Exercise description
Copy verbatim the block of lines in the entries below whose first line contains "RUSSEL HOBBS DESIRE" and whose last line contains "Florida home". Leave out all other lines.

Information provided
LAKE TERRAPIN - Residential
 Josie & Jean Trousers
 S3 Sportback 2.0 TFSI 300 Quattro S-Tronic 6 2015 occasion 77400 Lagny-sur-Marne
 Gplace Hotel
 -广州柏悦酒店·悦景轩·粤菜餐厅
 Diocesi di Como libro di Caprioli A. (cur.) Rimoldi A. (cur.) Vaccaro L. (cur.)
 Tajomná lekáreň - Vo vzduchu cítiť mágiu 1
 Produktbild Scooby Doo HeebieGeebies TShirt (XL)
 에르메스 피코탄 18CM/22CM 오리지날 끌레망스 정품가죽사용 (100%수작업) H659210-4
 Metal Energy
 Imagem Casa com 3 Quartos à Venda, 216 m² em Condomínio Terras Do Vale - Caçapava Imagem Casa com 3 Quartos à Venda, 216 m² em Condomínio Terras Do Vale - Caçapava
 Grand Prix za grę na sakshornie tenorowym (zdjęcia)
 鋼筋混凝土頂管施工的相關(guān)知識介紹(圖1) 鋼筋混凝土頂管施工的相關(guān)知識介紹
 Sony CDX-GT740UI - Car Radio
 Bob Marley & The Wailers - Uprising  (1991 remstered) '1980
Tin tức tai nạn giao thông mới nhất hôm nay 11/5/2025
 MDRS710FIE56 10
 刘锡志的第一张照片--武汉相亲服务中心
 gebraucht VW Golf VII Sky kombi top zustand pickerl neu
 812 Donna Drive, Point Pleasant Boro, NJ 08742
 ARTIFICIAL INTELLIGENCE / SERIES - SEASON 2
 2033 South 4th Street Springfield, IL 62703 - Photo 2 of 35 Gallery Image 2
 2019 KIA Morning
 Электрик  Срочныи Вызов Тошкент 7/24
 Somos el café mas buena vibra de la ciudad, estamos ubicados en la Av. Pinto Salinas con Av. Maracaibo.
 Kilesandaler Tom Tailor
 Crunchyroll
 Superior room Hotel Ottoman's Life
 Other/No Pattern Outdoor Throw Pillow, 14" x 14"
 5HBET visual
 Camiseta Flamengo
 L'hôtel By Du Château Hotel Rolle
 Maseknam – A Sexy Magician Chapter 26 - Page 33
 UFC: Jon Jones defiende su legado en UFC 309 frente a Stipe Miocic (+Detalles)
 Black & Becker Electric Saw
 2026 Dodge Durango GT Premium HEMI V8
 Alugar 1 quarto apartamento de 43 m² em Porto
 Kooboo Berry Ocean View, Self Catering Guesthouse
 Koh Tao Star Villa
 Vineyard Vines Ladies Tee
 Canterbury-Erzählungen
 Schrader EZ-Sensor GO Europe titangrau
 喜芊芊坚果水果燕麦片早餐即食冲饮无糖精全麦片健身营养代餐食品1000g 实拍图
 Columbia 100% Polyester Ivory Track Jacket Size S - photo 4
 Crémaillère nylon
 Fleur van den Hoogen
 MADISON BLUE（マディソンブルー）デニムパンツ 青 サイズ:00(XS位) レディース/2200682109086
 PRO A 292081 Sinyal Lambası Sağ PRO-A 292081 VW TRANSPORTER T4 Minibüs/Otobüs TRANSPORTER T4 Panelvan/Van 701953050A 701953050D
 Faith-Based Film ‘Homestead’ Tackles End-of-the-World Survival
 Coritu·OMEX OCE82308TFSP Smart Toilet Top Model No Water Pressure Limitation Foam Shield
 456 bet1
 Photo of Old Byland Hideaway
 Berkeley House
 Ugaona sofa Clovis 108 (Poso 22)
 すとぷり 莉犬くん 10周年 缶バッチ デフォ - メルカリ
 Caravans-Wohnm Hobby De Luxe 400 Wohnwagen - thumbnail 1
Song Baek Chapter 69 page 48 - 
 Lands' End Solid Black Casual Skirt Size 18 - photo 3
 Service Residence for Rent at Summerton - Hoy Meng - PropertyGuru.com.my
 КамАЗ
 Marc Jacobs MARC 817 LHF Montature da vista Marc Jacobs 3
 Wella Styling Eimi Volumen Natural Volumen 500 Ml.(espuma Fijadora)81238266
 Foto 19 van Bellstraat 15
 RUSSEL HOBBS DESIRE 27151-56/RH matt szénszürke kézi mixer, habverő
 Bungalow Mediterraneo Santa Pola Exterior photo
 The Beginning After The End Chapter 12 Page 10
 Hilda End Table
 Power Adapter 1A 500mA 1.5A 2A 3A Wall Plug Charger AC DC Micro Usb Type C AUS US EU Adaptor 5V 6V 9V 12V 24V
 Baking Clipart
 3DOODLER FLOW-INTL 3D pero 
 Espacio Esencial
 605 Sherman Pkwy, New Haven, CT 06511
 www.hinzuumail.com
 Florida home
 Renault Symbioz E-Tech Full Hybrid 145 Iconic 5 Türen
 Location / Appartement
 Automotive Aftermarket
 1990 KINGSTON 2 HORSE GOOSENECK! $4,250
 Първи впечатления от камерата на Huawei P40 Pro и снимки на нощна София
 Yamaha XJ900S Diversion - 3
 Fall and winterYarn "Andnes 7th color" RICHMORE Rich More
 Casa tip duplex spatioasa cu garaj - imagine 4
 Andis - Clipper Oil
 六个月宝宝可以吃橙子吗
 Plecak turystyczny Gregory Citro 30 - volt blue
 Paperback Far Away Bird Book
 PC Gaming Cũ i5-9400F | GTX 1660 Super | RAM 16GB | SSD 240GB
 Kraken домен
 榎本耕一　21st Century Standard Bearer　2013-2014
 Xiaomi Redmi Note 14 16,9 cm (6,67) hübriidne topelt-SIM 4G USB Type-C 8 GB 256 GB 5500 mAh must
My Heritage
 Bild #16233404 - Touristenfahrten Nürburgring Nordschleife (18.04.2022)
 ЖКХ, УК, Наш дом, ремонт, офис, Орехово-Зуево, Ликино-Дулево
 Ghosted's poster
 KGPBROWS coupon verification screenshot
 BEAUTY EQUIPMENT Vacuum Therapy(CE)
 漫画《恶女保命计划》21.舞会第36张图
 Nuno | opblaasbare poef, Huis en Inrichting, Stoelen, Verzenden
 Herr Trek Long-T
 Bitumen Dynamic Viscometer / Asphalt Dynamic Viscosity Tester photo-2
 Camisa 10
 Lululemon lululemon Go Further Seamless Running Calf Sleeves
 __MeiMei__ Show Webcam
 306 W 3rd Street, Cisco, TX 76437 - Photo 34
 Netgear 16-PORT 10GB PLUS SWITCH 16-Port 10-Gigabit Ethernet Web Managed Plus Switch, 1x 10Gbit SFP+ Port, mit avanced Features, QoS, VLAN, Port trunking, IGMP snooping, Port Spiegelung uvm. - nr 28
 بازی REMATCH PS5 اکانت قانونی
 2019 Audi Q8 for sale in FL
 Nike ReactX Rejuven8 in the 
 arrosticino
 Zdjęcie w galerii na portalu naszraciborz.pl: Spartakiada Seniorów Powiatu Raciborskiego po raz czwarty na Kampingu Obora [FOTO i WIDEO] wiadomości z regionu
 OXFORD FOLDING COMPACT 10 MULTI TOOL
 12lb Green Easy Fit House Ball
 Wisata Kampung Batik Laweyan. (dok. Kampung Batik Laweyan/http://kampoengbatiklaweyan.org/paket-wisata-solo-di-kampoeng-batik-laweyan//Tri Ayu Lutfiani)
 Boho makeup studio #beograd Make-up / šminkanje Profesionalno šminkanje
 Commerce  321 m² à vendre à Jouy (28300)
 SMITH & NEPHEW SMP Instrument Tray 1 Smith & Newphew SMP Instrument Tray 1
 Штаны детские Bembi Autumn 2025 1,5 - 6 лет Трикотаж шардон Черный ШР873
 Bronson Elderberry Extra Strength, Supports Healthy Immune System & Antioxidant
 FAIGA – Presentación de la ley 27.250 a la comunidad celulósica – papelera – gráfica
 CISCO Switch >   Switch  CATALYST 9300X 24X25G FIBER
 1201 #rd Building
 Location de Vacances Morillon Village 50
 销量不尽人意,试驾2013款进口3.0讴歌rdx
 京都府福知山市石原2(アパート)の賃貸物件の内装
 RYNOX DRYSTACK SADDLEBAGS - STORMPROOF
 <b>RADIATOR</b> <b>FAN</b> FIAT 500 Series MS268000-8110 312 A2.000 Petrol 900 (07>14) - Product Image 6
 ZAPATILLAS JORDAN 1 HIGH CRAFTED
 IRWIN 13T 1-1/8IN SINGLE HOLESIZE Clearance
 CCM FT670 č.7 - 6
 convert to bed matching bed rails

Response area
 RUSSEL HOBBS DESIRE 27151-56/RH matt szénszürke kézi mixer, habverő
 Bungalow Mediterraneo Santa Pola Exterior photo
 The Beginning After The End Chapter 12 Page 10
 Hilda End Table
 Power Adapter 1A 500mA 1.5A 2A 3A Wall Plug Charger AC DC Micro Usb Type C AUS US EU Adaptor 5V 6V 9V 12V 24V
 Baking Clipart
 3DOODLER FLOW-INTL 3D pero 
 Espacio Esencial
 605 Sherman Pkwy, New Haven, CT 06511
 www.hinzuumail.com
 Florida home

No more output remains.